Peskoff v. Faber, 2008 WL 2649506 (D.D.C. July 7, 2008).
This is a decision by one of my favorite e-discovery magistrates, Judge John M. Facciola (shown right). He found that the producing party, the Defendant, failed to comply with discovery requests because there were significant gaps in the production. The gaps were explained, in part, by the fact Defendant “failed to deactivate network maintenance tools that automatically delete electronically stored information.” Id. at *4. Other omissions were never explained, due in part to the fact that Defendant failed to appear at the evidentiary hearing (never a good idea). This suggested intentional, or at least negligent, omissions in collection or production of relevant ESI.

As a result of Defendant’s failures, Plaintiff asked the court for permission to conduct a forensic examination of Defendant’s hard drive, and for Defendant to pay for it. Judge Facciola recognized that a forensic exam requests inaccessible information and thus made a full analysis under Rule 26(b)(2)(B). It provides a text book example on how the rule should be applied, except for a dicta statement that only the production of inaccessible data is subject to cost-shifting, citing to OpenTV v. Liberate Techs., 219 F.R.D. 474, 476 (N.D.Cal.2003). Id. at *2. In my opinion, that is only true if you are doing a 26(b)(2)(B) analysis to begin with. Otherwise, there are many other factual situations and other legal authority for shifting costs for accessible ESI. It certainly would not be wise to only employ cost shifting protection to requests for production of inaccessible data. See Eg.: Garrie & Armstrong, Electronic Discovery and the Challenge Posed by the Sarbanes-Oxley Act, 2005 UCLA JL&Tech 2.

Judge Facciola held that the requesting party, here the Plaintiff, had proven good cause under the rule to require production, and no cost shifting was appropriate. The $33,000 forensic exam expense must be born by the producing party. This was fair and equitable under the rules because there was $2.5 million in claims at issue, and the potential benefits of the discovery out weighed the costs. Further, Defendant’s failure to suspend the delete functions is what rendered much of the ESI at issue inaccessible to begin with. For these reasons Judge Facciola chose not to deviate from the “traditional rule that a responding party bears the costs of production.” Id. at *4. As Judge Facciola put it: “This is a problem of Mr. Faber’s own making and, consequently, the expense and burden of the forensic examination can hardly be described as ‘undue.'”

Quon v. Arch Wireless, 529 F.3d 892, 2008 WL 2440559 (9th Cir., June 18, 2008).
This case involves a swat team police officer who sent many, many sexually explicit text messages to his wife during work hours. He used a police department pager intended for emergency communications.

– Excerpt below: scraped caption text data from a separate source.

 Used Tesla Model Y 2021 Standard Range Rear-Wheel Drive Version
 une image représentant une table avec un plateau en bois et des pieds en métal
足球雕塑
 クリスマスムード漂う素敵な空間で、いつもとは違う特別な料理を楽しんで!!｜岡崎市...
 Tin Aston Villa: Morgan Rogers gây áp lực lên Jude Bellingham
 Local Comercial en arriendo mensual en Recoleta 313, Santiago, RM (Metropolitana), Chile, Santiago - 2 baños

In spite of these facts, the Ninth Circuit held that a public employee has a reasonable expectation of privacy to text messages and emails, and found unlawful search and seizure by the employer. The police department had read the text messages on its pager in connection with an audit for text message over-charges, and this lead to disciplinary action against the swat team officer. The police department employer had relied upon its formal computer use policies and procedures, to which the officer had signed a written acceptance, to try to justify its actions. The policy clearly stated that there was no privacy for any electronic messages at work, including email and text messages. The Ninth Circuit indicated that it would have enforced these policies, but for the fact that the employee’s supervisor had implemented a different informal policy causing the swat team officer to have a reasonable expectation that his text messages would not be reviewed. The court held that the “operational reality” trumped the “formal written policies.” For this reason, the employer’s review of the employee’s text messages violated the employees privacy rights, and that of his wife.

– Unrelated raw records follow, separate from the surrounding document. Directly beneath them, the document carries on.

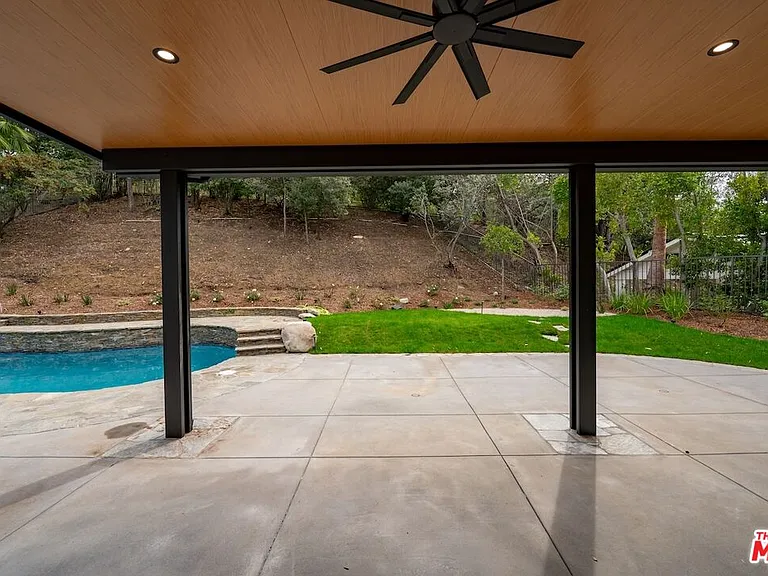 18500 Saint Moritz Dr — Photo 55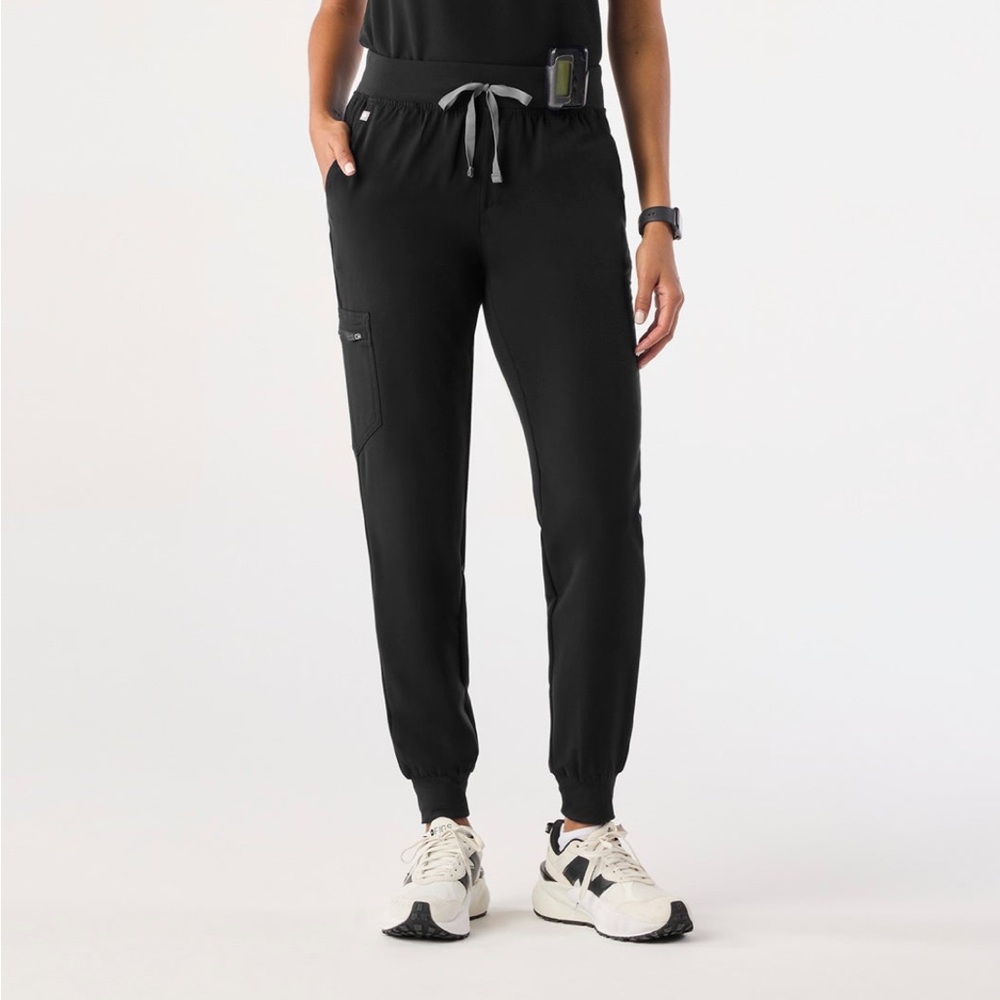 Figs Black Jogger Scrub Pants (S)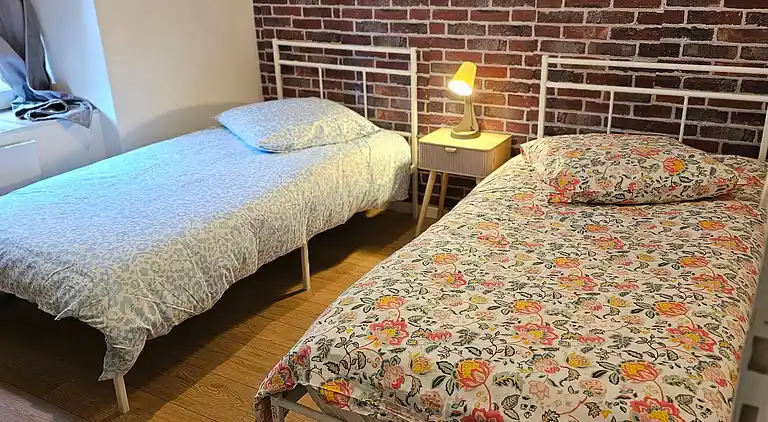 T3 im historischen Zentrum von Montluçon, Bahnhof in 10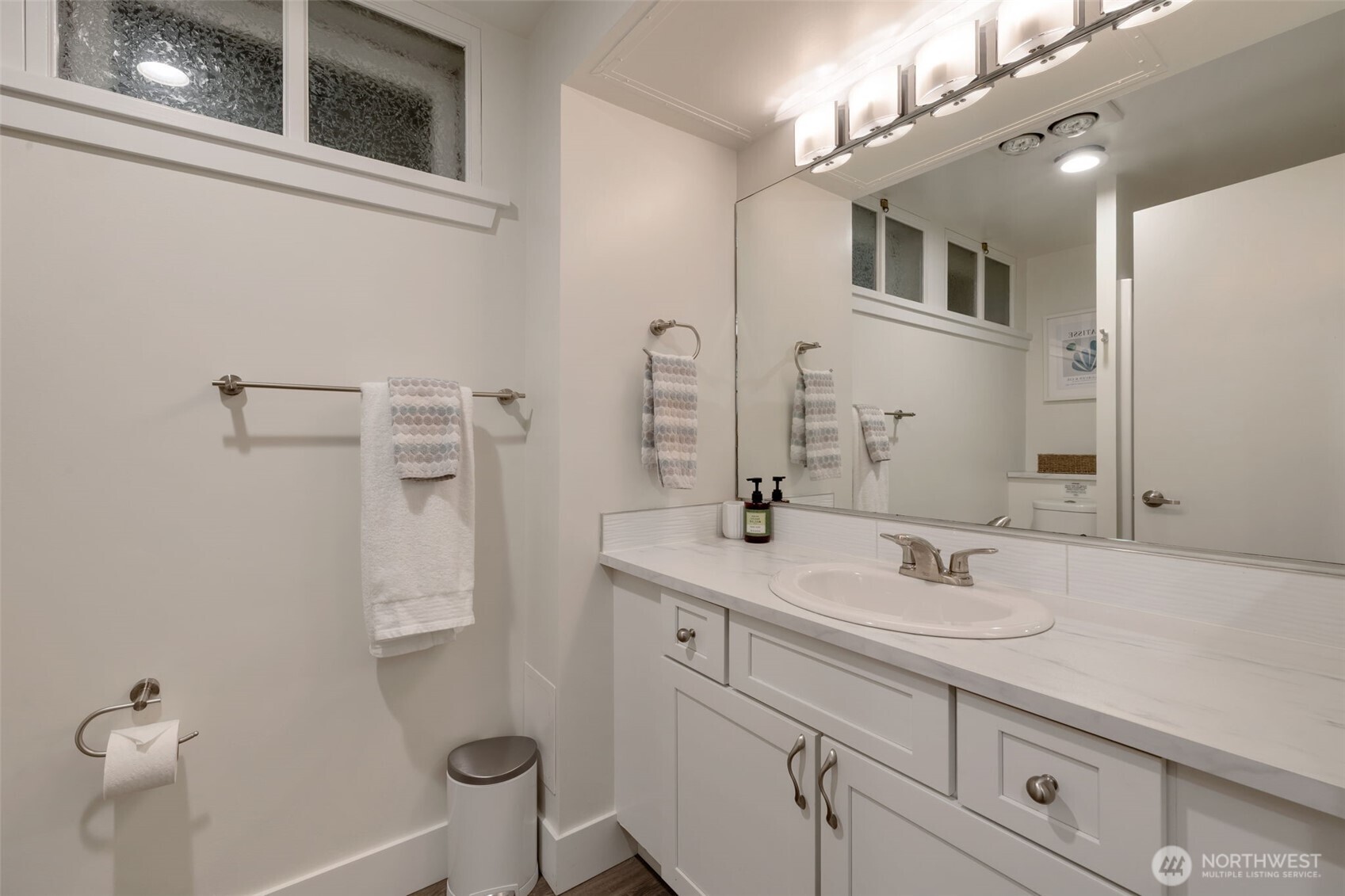 3802 Ne 90th Street Property Photo 21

The case is also important for its interpretation of the Stored Wire and Electronic Communications Act, 18 U.S.C. §§ 2701-2711 (1986). The Appeals Court held that a paging company was an “electronic communication service” governed by the act. Thus the company’s disclosure of the messages to the employer, who was the “subscriber” and not “an addressee or intended recipient of such communication,” violated the act.

Simon Property Group, Inc. v. Taubman Centers, Inc., 2008 WL 205250 (E.D. Mich. Jan. 24, 2008).
Magistrate Judge Mona K. Majzoub considered a motion to enforce a subpoena against a third party. The underlying action involved allegations of the Racketeer Influenced and Corrupt Organizations Act (RICO), various securities laws and other tort claims. The third-party argued that it should not be required to produce electronic documents responsive to the subpoena because it would be unduly burdensome and expensive. Their search of electronic files identified over 250,000 files. The requesting party offered to narrow the scope of the search by altering the time periods, search terms, and possibly dropping some computer servers from the search. The court enforced the subpoena as long as both parties agreed to narrow the scope in good faith because discovery of electronic records is contemplated under Federal Rule of Civil Procedure 45(d) and is common in business litigation.

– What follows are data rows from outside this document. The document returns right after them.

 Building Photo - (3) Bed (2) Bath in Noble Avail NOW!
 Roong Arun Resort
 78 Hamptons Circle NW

Southern New England Telephone Co. v. Global NAPs, Inc., 2008 WL 2568567 (D. Conn. June 23, 2008).
You would be hard pressed to find a case with discovery violations more egregious than this one, which explains why the ultimate sanction of a default judgment was entered in the amount of $5,247,781, plus fees and costs of $645,760. Among the parade of horribles, Defendants failed to turn over their financial records in direct contravention of numerous discovery orders, lied to the court about not obtaining records from third parties, and willfully destroyed and withheld relevant documents. Additionally, Defendants erased computer data in bad faith by using disk wiping software called Window Washer and its “wash with bleach” option. This option overwrites files with random characters to make them unrecoverable. If that were not enough, Defendants then ran the Windows Disk Defragmenter program on the drive, making recovery even more impossible.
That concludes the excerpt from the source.